What Shall We Do with the Cello?
Atelier Theatre Studio
The Vaults, Waterloo
From 08 February 2017 to 12 February 2017
Review by Philip Fisher
On the surface, What Shall We Do with the Cello is an absurdist comedy set in a railway waiting room. However, the fact that this play was banned by the Ceausescu regime in the playwright’s home country of Romania (although he sought political asylum and has lived in Paris for the last 30 years) immediately puts one on notice that a great deal might be concealed beneath the surface.
As one gradually recognises through its hour-long running time, this funny piece, delivered in English as it enjoys a belated UK première, is actually an allegory about the country and its citizens during the benighted days of the Ceausescu dictatorship.
It opens with Nick Allen as The Man with the Cello dedicatedly but dissonantly (and to the uninitiated badly) playing his instrument in a railway waiting room during a day of unmitigated heavy rain. He is joined in a lengthy wait, that had started at the very least a day before, by a random trio of strangers who get increasingly irritated by his efforts.
Simona Armstrong as the Lady with the Veil appears young but classy, while her two male companions each seem to be the sum of their foibles. Tudor Smoleanu plays The Man with the Newspaper, not to mention a very short temper, while Mihai Arsene is The Man with the Stick, who at least on the surface appears more patient but is also bolder when it comes to addressing their collective frustration with the cellist.
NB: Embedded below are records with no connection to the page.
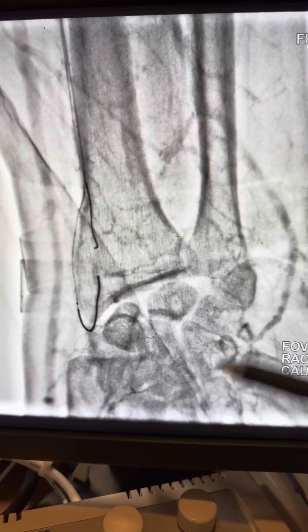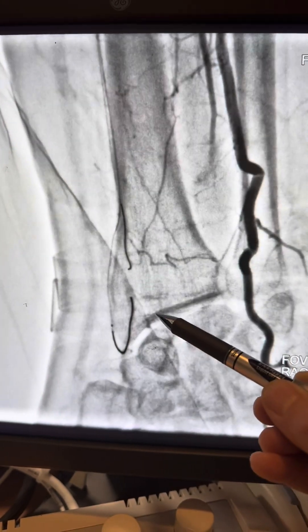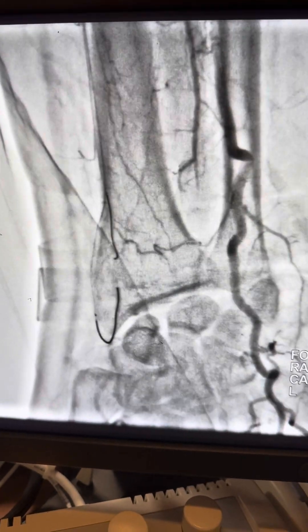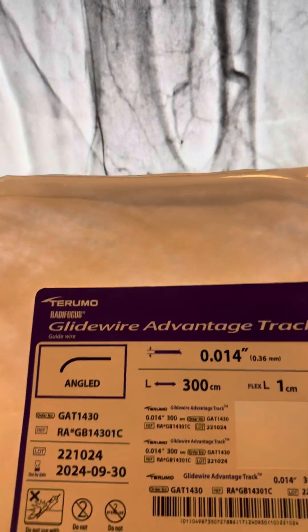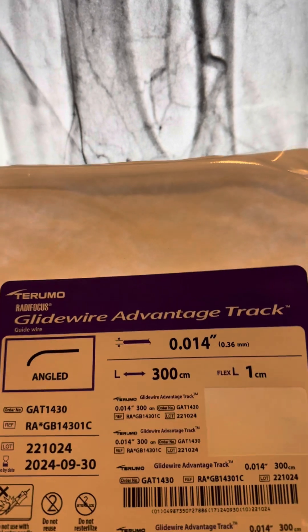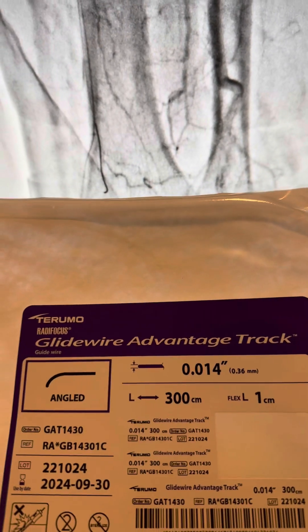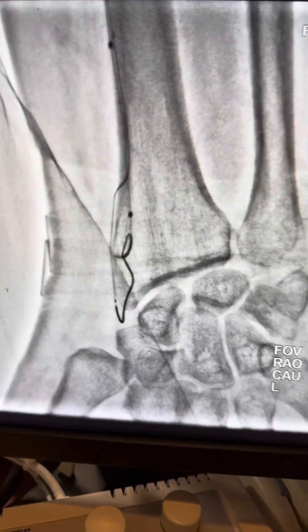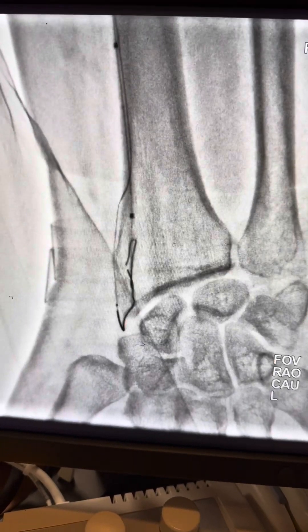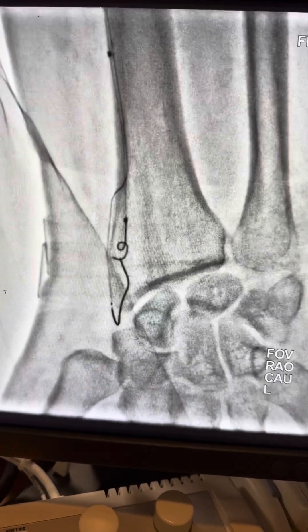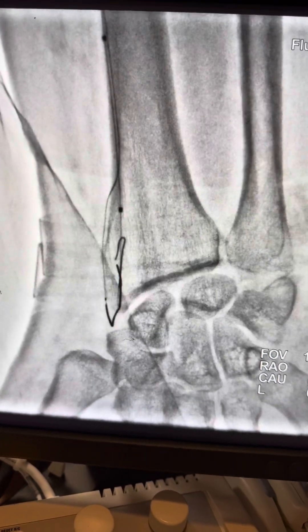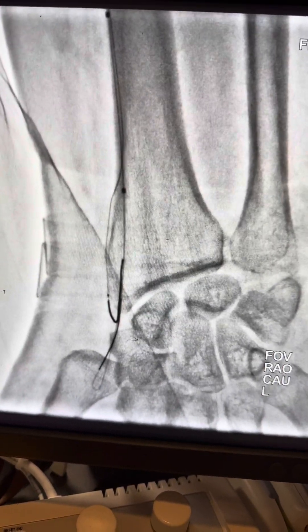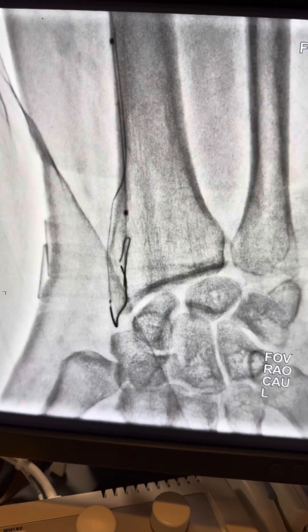I kept the run-through in the small branch going backward, just to guide the other wire. I used a different wire — a Terumo glide wire, 0.014, 300 centimeter, with an angled tip. I supported that new wire with the balloon distally, then created a kind of shoulder effect and pushed the wire against the CTO cap to enter the true lumen.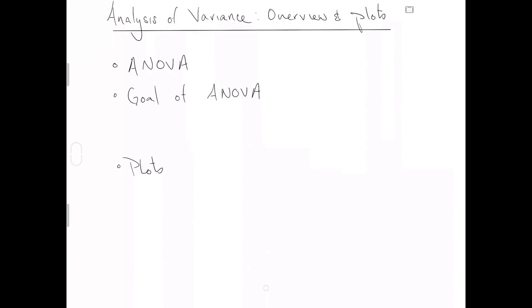This video is going to be the first of a series about a topic very popular in applied statistics named analysis of variance.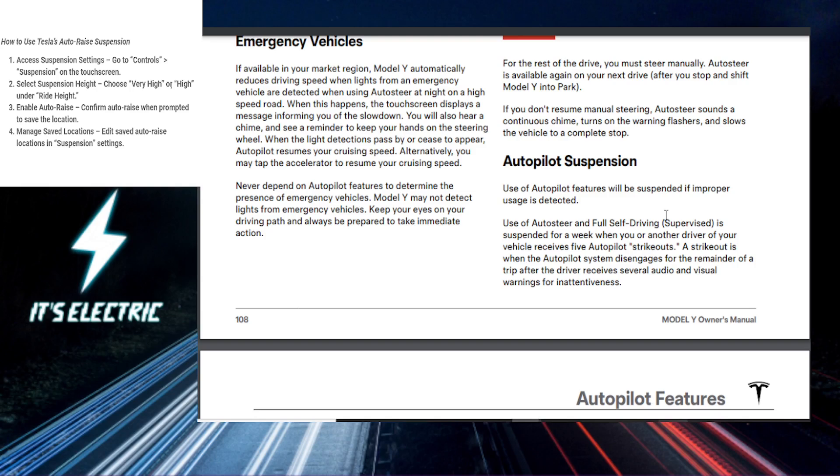Under Ride Height, you want to choose your desired level, like for example, Very High or High, which is great for rough roads or steep driveways.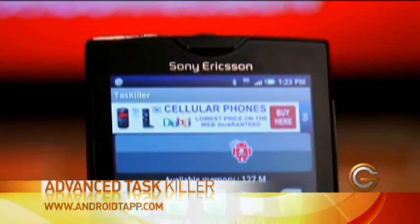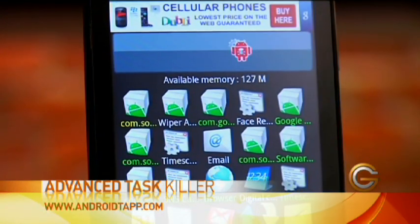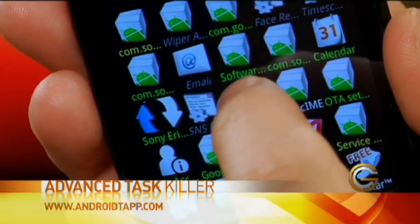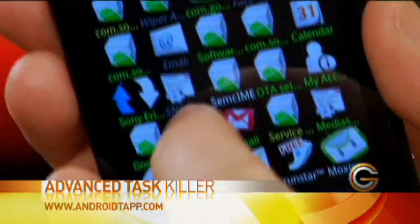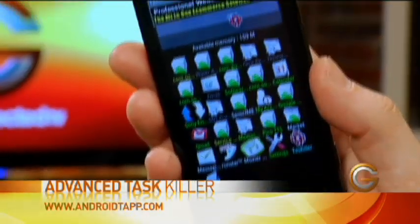You simply launch it, it'll show you all the different programs and processes that are running on the phone at that very moment. All you have to do is click on the one that you don't want to run anymore and it kills it for you. It's called TaskKiller — a simple way to speed up your Google Android phone.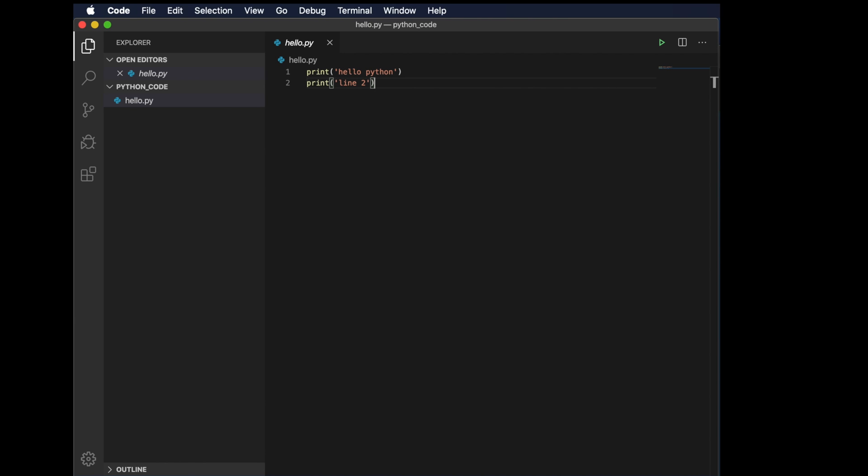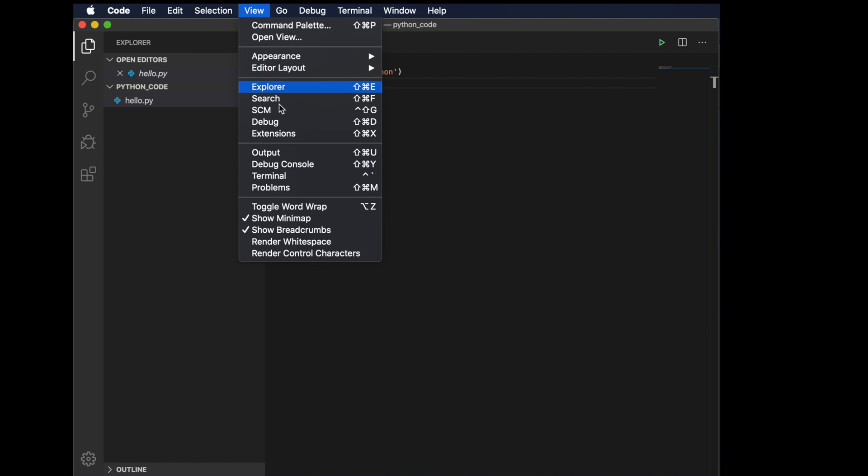Hi, in this video we will see how to install a Python package or module using the terminal window of Visual Studio. First, open Terminal from View and then choose Terminal. This is the shortcut key to open the terminal.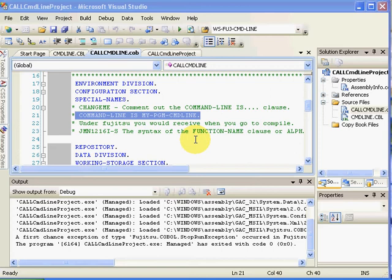Hello, this is Matt Moser with Alchemy Solutions. Today we'd like to cover NetCOBOL for .NET, receiving the command line, and in particular, the ability to set parameters during debug.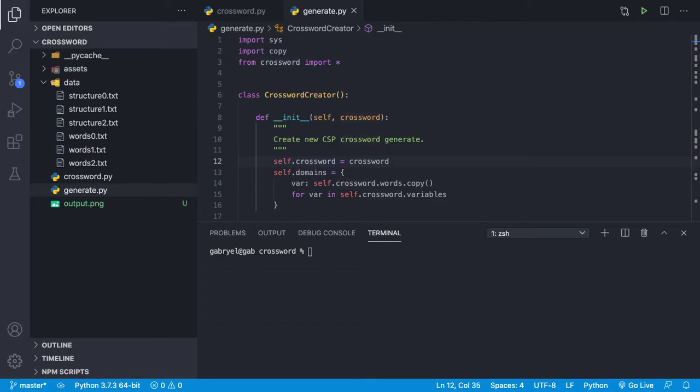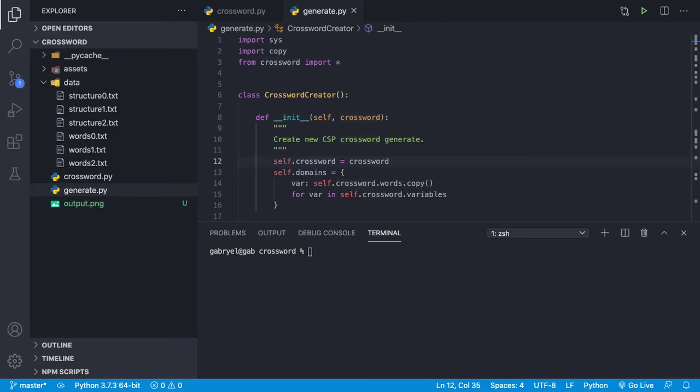This is Starbucks and today we're going to take a look at the crossword AI program. Basically, in crossword, the AI will try to fill out the blank spaces in a given crossword puzzle.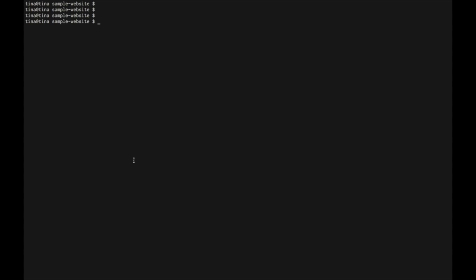Let's just take a look at our directory structure. As mentioned, we have the source directory with index.html, the styles directory, and then the stylus file.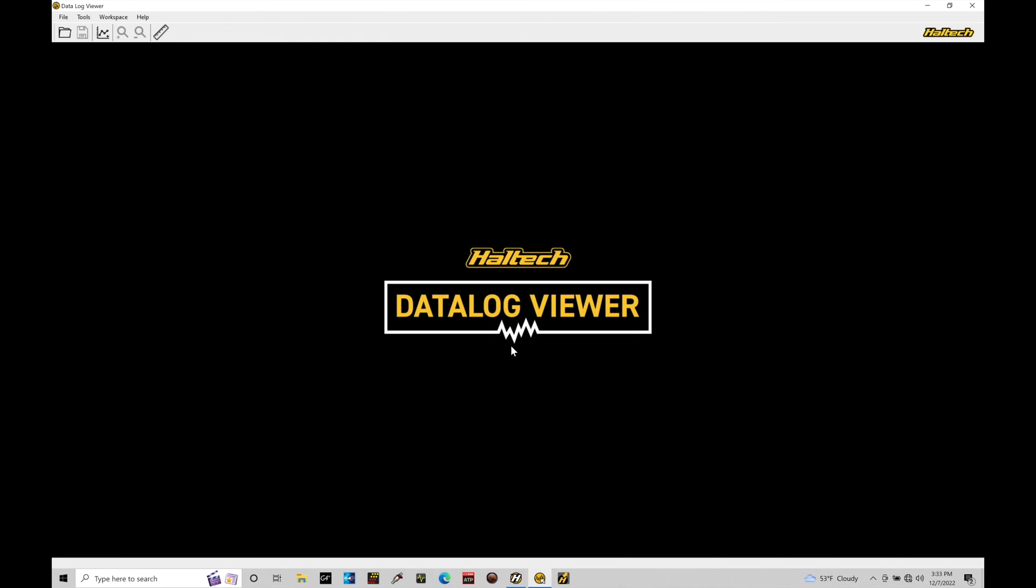Okay, so let's get started. We're going to be taking a look at working with our Datalog Viewer software from Haltech in this training tutorial for our Haltech Elite systems. The Datalog Viewer software is a separate logging software, a data analysis software, from our NSP software. We do all of our data logging, data capture in the NSP software, and then we can open up specific Datalog files here in the Datalog Viewer.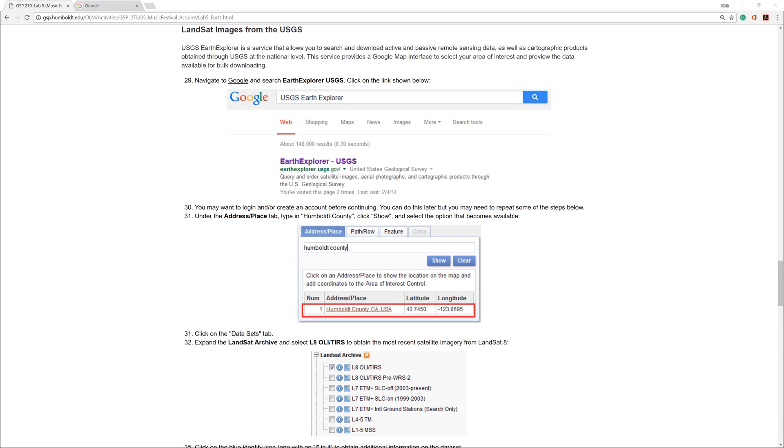In the previous video, I showed you how to download data from the USDA NRCS Geospatial Data Gateway. In this video, I will show you how to download data from the USGS Earth Explorer.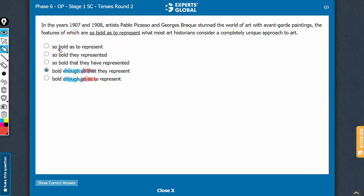For example, here you see the pattern "so [cause] as to [effect]" or "so [cause] that [effect]." So choices D and E can go. There is a similar problem with B also — "so bold they" — since neither "as to" nor "that" has come after it. So B can also go.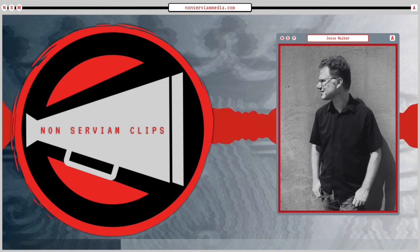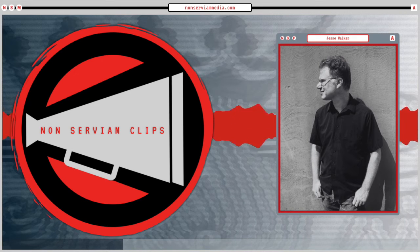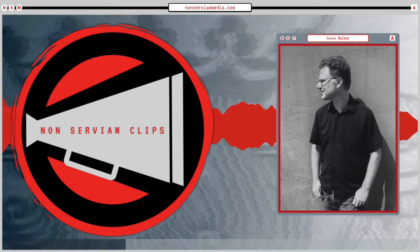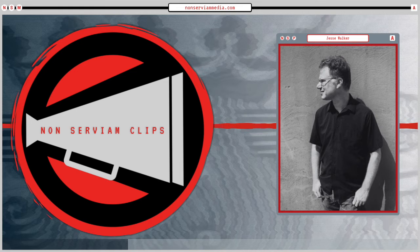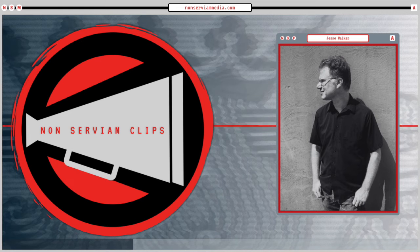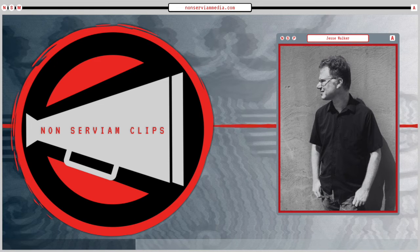I talk about five archetypal conspiracy narratives. In practice, they often get mixed up together.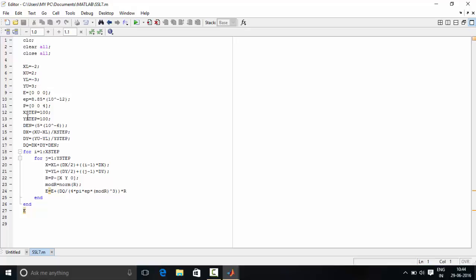In X step and Y step we have divided the entire surface into a number of parts. DEN variable is used to store surface charge density.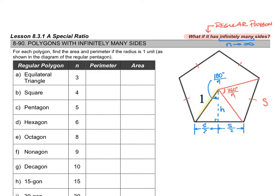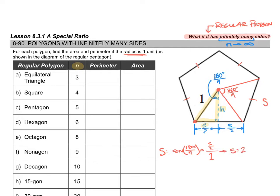Now I'll analyze just half of the central triangle and come up with an expression for s and h in terms of n. For s: the side s/2 is opposite the angle 180/n, so sine of (180/n) equals (s/2) divided by the hypotenuse, which is the radius of one unit. Rearranging gives s = 2·sin(180/n).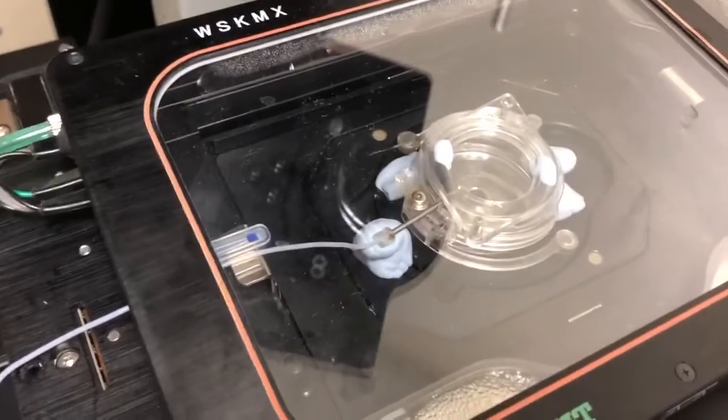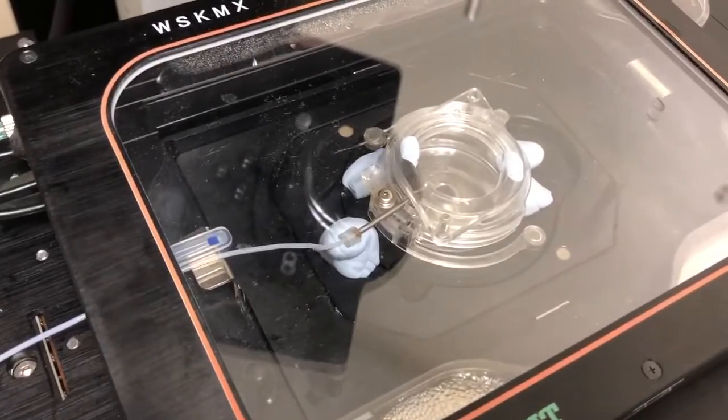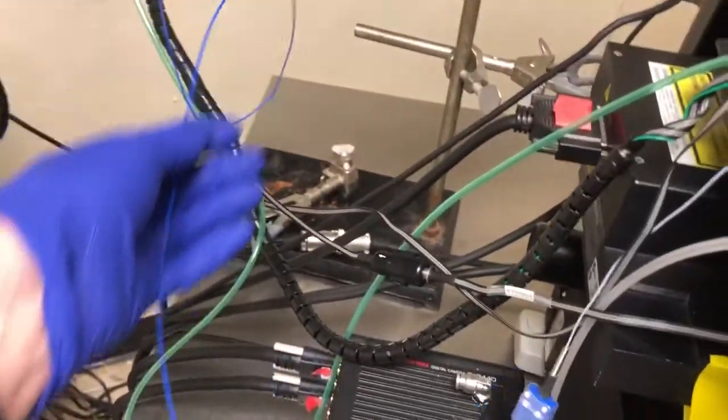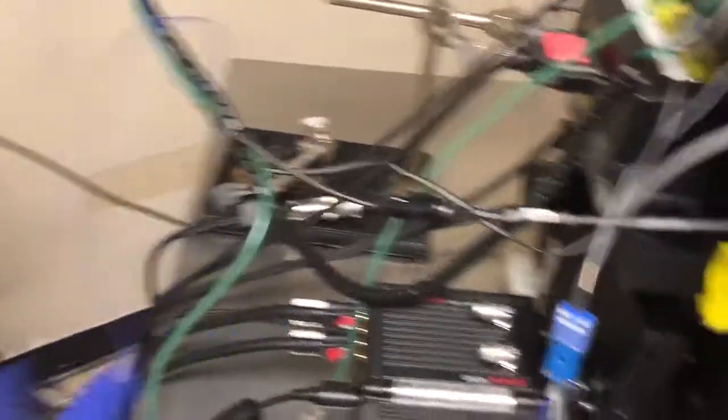As you can see, the temperature sensor, which is that metal rod, is in the sample. So again, it's the metal rod connected to the end of this blue cable.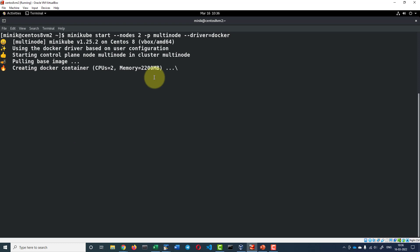So this will download the latest version of Kubernetes and use that image to create the containers. In case the image is already available, it will be reusing them.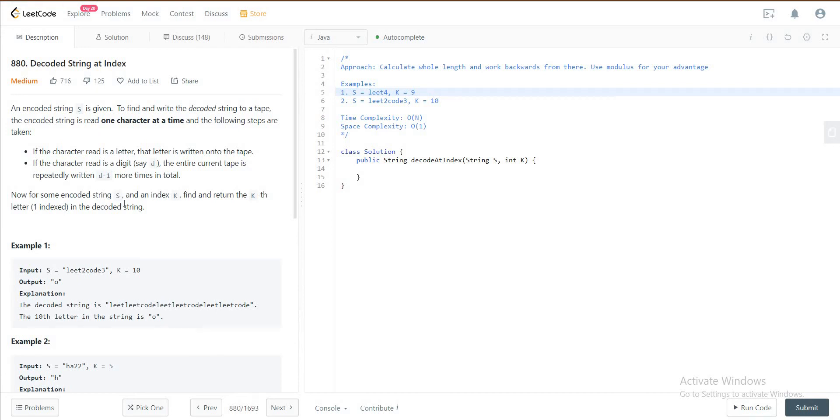Hey folks, welcome to another video. Today we'll be looking at question 880, Decoded String at Index. The approach that we'll be taking for this solution is we'll calculate the entire length of the string once it's decoded and then we'll work backwards from there.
Despite their efforts to distract the musician, the cello is as incessant as the stormy weather that pounds down outside, initially amusing then increasingly driving the trio to distraction and beyond.
Their antics become extreme, building to a meaningful if unexpectedly chilling finale, accompanied by news footage from the recent past.
Considering that the run is only five days, the actors have been impeccably drilled by director Vasile Nedelcu for Atelier Theatre Studio, using both physical and verbal skills perfectly in an unusual but engrossing political play that deserves to be seen much more widely.